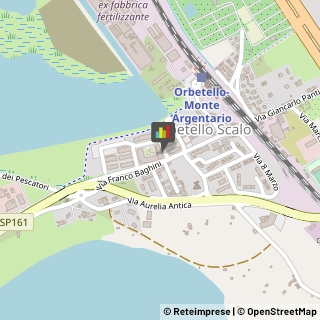 Dietologia - Medici Specialisti,58015Grosseto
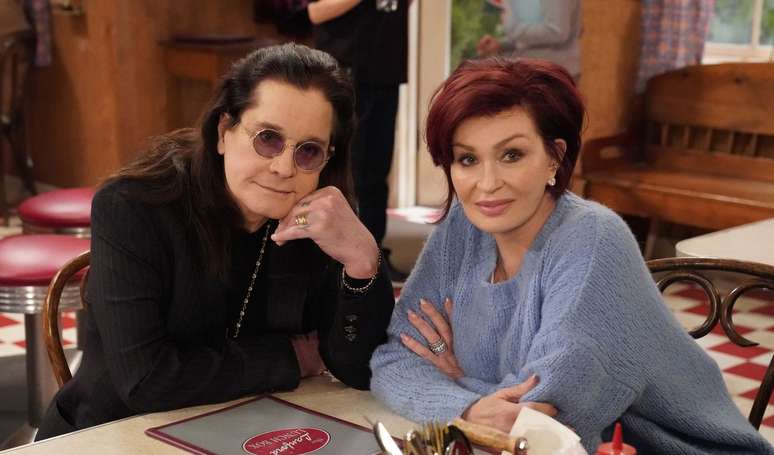 Is Ozzy Osbourne dying? Kelly Osbourne clarifies the voices on the health of the singer and denies the suicide pact of the parents; understand Is Ozzy Osbourne dying? Kelly Osbourne clarifies the voices on the health of the singer and denies the suicide pact of the parents; understand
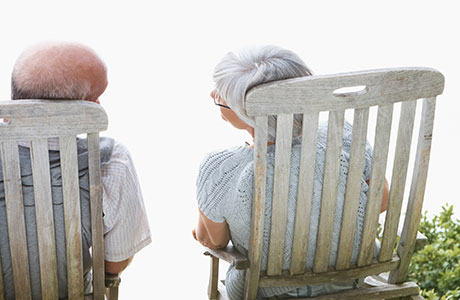 2486geriatricarea-alzheimer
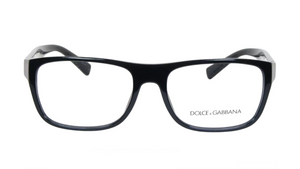 Dolce & Gabbana DG 3276
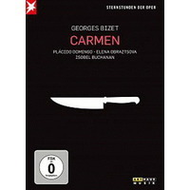 Bizet-georges-carmen-dvd-musik-klassik-dvd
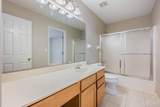 5350 River Ridge Drive - Photo 13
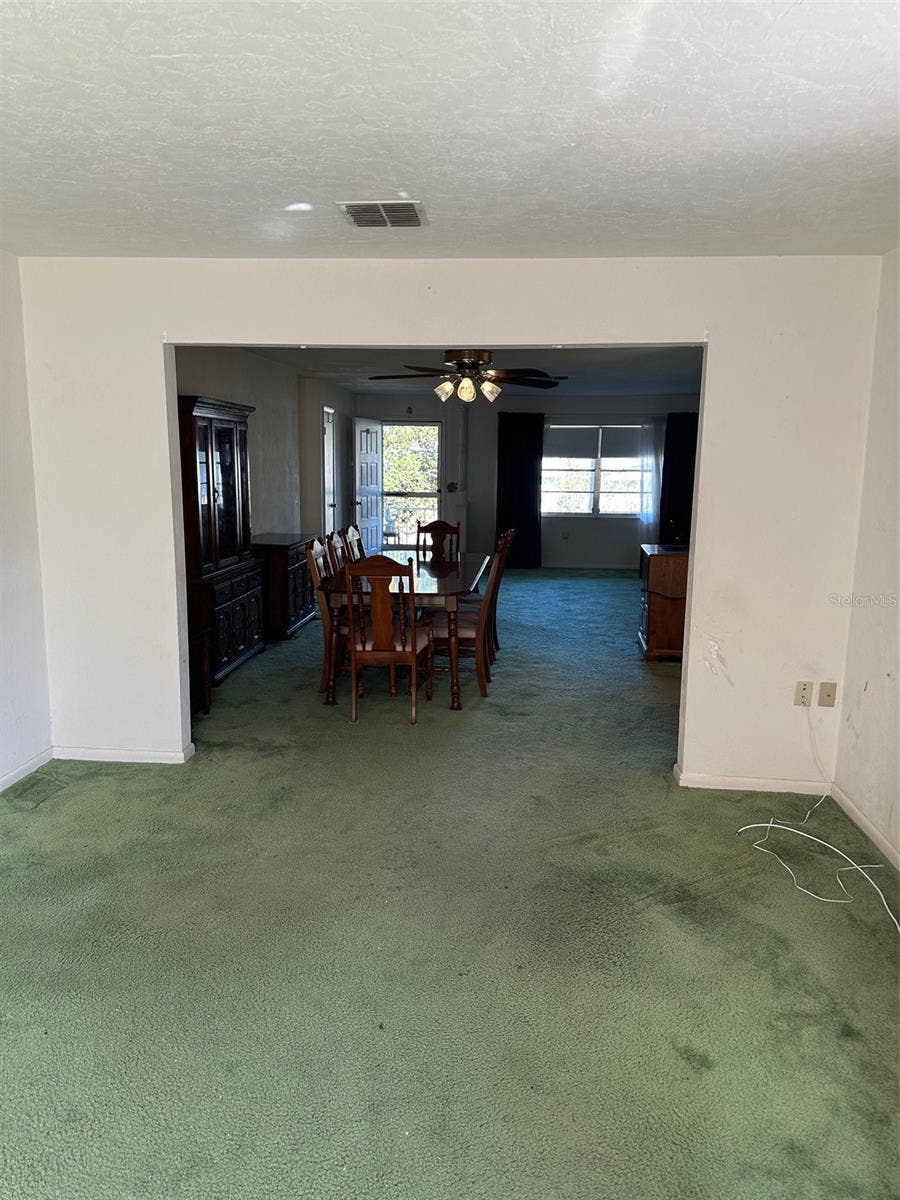 200 S DESOTO STREET, Beverly Hills, FL 34465 200 S DESOTO STREET, Beverly Hills, FL 34465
--------------------
The pictures should be dropped, and every line above should be set down again exactly.

 Dietologia - Medici Specialisti,58015Grosseto
 Is Ozzy Osbourne dying? Kelly Osbourne clarifies the voices on the health of the singer and denies the suicide pact of the parents; understand Is Ozzy Osbourne dying? Kelly Osbourne clarifies the voices on the health of the singer and denies the suicide pact of the parents; understand
 2486geriatricarea-alzheimer
 Dolce & Gabbana DG 3276
 Bizet-georges-carmen-dvd-musik-klassik-dvd
 5350 River Ridge Drive - Photo 13
 200 S DESOTO STREET, Beverly Hills, FL 34465 200 S DESOTO STREET, Beverly Hills, FL 34465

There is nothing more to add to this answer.